======== Data to examine ========

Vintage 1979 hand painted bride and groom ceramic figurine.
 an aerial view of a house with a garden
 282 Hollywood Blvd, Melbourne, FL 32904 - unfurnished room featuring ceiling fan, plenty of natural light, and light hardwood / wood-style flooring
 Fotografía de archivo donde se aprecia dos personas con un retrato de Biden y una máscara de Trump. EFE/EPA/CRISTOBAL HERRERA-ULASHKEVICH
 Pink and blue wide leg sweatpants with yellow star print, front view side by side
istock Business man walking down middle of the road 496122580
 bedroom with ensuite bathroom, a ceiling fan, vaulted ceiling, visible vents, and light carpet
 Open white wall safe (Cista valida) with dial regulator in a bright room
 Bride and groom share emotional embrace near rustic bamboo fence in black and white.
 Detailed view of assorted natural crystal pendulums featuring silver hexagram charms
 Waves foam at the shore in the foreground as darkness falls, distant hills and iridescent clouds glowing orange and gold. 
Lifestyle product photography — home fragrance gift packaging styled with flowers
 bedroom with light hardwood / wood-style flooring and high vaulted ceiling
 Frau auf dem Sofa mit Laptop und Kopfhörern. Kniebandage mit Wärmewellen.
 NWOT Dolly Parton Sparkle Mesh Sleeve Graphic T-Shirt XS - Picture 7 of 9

========

Work task: Starting at the line that contains "Lifestyle product photography", return every line through the last one above, exactly as written.

Your solution:
Lifestyle product photography — home fragrance gift packaging styled with flowers
 bedroom with light hardwood / wood-style flooring and high vaulted ceiling
 Frau auf dem Sofa mit Laptop und Kopfhörern. Kniebandage mit Wärmewellen.
 NWOT Dolly Parton Sparkle Mesh Sleeve Graphic T-Shirt XS - Picture 7 of 9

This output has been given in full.